We had decided that we should get up early to enjoy the most of our last two days of the holiday. If the weather was to go to form we would be due a rain storm in the afternoon, so we had taken the chance to book a visit to the Orang Utan Rehab centre they have at the Rasa Ria.
We were by the pool at 7:30, and despite the length of the shadows the sun was already very hot. The view out across the beach was quite dramatic with the long shadows of the palm trees.
I had a walk around the gardens as there were small birds buzzing about and settling in the trees and palms. I managed to photograph this Red-throated Sunbird feeding on the palm tree flowers.
Further along I found this Common Iora, we had seen a few in the different locations but this was the best photographic opportunity I had.
Another first from a photographic point of view was this Oriental Magpie Robin.

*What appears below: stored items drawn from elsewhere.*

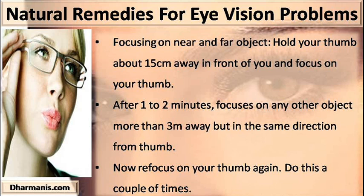Focusing on near and far objects: hold your thumb about 15 cm away in front of you and focus on your thumb. After 1 to 2 minutes, focus on any other object more than 3 meters away but in the same direction as your thumb. Now refocus on your thumb again. Do this a couple of times.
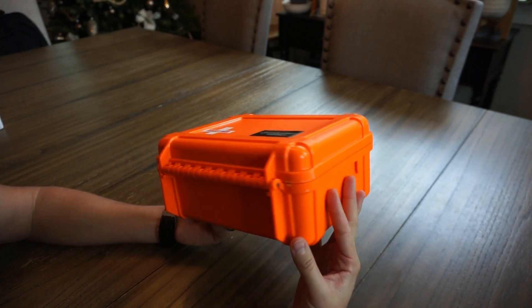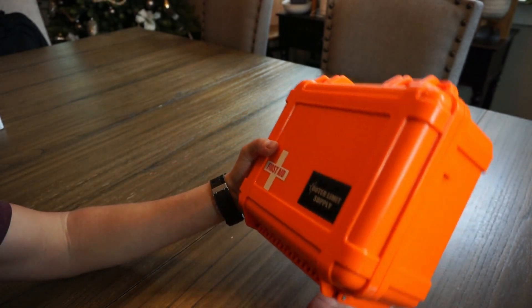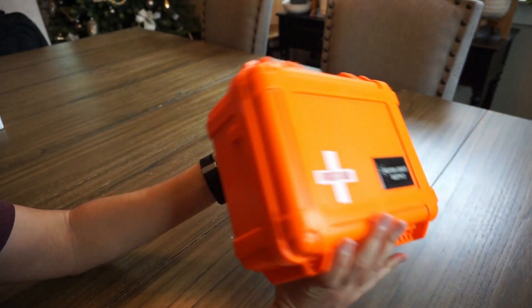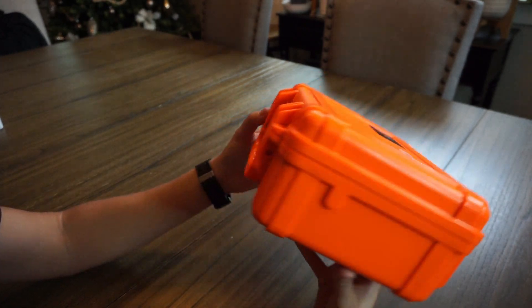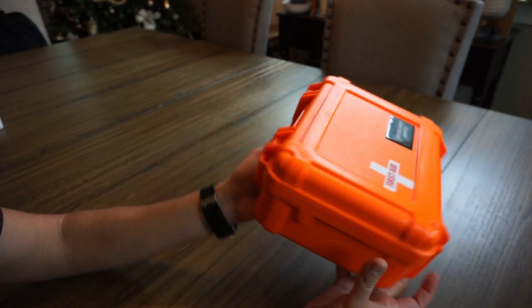It's a heavy-duty case — waterproof, fairly crush-proof, and dust-proof. It's not a Pelican case, but it's basically the same thing. It's from a company called S3 Cases. You can see it's decently sized, fairly compact for how much stuff is actually in here.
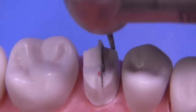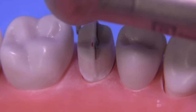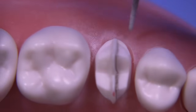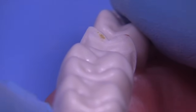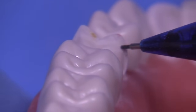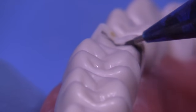Wherever you see undercuts, go ahead and remove those with the same diamond bur. If you're a dental student, most schools are going to ask you to have your finish line somewhere between 0.5 and one millimeter adjacent to the gingiva. You can easily see where you've under-reduced by looking at the tenon with respect to the prepared surfaces, visualizing the A-plane, B-plane, and C-plane very easily with this technique.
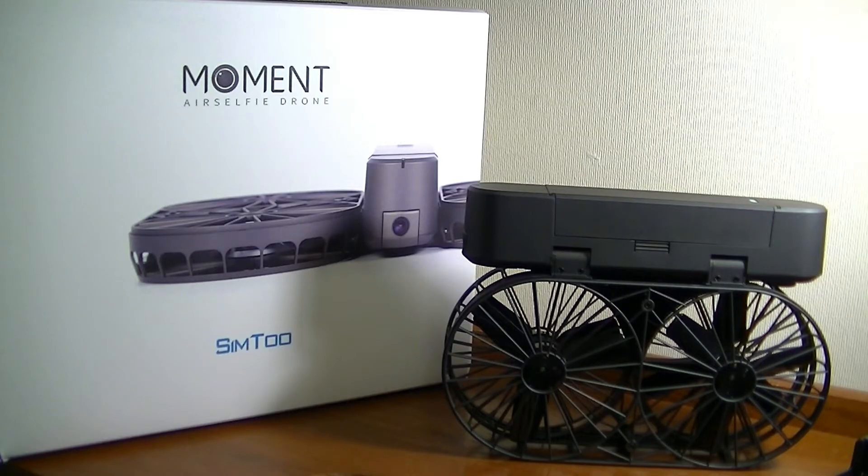Hey folks, here at OSReviews you're watching our hands-on review of the SIM2 Moment Air Selfie Drone. As we introduced in the unboxing, this is meant as a casual everyday product that you would take with you in a backpack for easy transportation, let it hover, and follow you around for images and selfies with friends, family, and the nature around you.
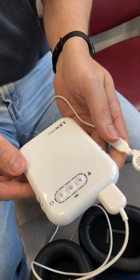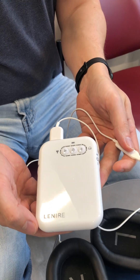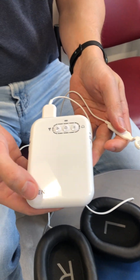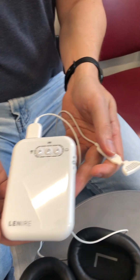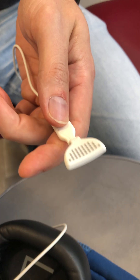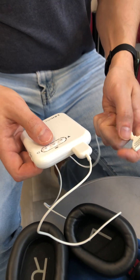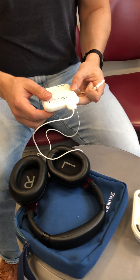There's the device, and that's what makes the sounds and sends signals to the headphones. And this — those are little electrodes, right? They go on the tongue. Okay, so how does it all work? And then you have a set of headphones there?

As the morning went on we enjoyed the sunshine and the facilities.
Early afternoon and it was our time to visit the Orang Utan reserve. The Shangri-La's Rasa Ria Resort started out with an Orang utan Care project that aimed to rehabilitate the most iconic species in Sabah. Today though, a Nature Reserve has been established in collaboration with the State Wildlife Department with the aim of protecting a 64 acre ecological space to help facilitate rehabilitation programmes for more endangered species of faunas endemic to Sabah.
The greatest threat to Orang utans is habitat loss due to mechanised logging. Under ideal conditions, these solitary animals roam the forest in search of widely distributed food sources. The reduction of suitable habitats is forcing Orang utan populations into smaller areas, which cannot support them. In addition, Orang utans have a slow reproductive rate. Females have only one baby every 7 to 8 years.
Young Orang utans are also threatened by poachers who capture them to be sold as pets. The mother is often shot in order to gain access to the baby. This programme takes young abandoned Orang utans, cares for them and looks to rehabilitate them into the wild by replacing the teaching they would normally get from their mother. Once they reach a suitable age, typically around 6-8 years old they will be transferred to the Sepilok centre for the next phase of their rehabilitation, before hopefully reaching the final step, release into the jungle in Tabin.
The reserve had three youngsters, two males aged four, and a female aged three. As with Sepilok the area they live in is natural to the habitat of Borneo, and there are trees producing fruit. As a result they may not appear at the feeding station. However we were lucky and the two males were present, and we were treated to some lovely scenes
Leaving the Orang utans and returning back to the pool the cloud came over masking some of the sunshine, but thankfully it never rained, only our second day without rain on the holiday. The cloud also produced a spectacular sunset as we sat and enjoyed the Happy Hour.
Next day we were up early again, today though we had a hard stop at 14.30, as we were having to leave at 16:00 for our long journey home.
Once again there was some activity early on around us in the trees and out on the beach. A pair of White-breasted Woodswallows had been flying around yesterday, but this morning they were settled on one of the floodlights. Clearly they were a pair, and one could be seen bringing food for the other.
I finally managed to get a photograph of the lightning fast Munias, this is the Chestnut Munia
A House Swallow also perched nicely on one of the volley ball net poles.
It is quiet at the time we were up, and the reptiles take advantage of the warm boardwalk to fuel up first thing in the morning. If you got to close they would scurry off under the boardwalk, where it appears they stayed during the day.
An amusing event was the arrival of a White-breasted Waterhen. It kind of creeps about with a walk-run style, and appeared from behind a palm tree, and then searched under the vacant sun beds, before dashing off and away from us.
I went off to explore again, but couldn't find anything new about, however when I returned back to the sun beds, a black and white bird flew up into the tree above us. This was a Pied Triller, and was to be the last new bird of the holiday.
We were both suffering a it from the last day fidgets, and Helen after returning to the room called me over to see something she had found. I couldn't see it at first but as I searched under the sun bed she was pointing at, and eye was looking back at me, it was reminiscent of a scene from Jurassic Park.
It was a Monitor Lizard, not a big one, only a metre long, but like the waterhen, it had found out that there was the possibility of food under the beds. It walked away from us, totally unconcerned with our presence.
As the sun rose higher we settled down for some final rays, and before we knew it the time to leave had come around. It was the end of what we both called a “challenging” holiday. It had been very hot and humid, and there were parts which in hindsight I would not have undertaken. I wish too I had researched a little more into the potential for wildlife viewing in certain areas especially Sarawak.
That said I know we both have thoroughly enjoyed our time in Malaysia and Borneo. We have experienced some wonderful encounters, met some very friendly people, and seen some amazing things.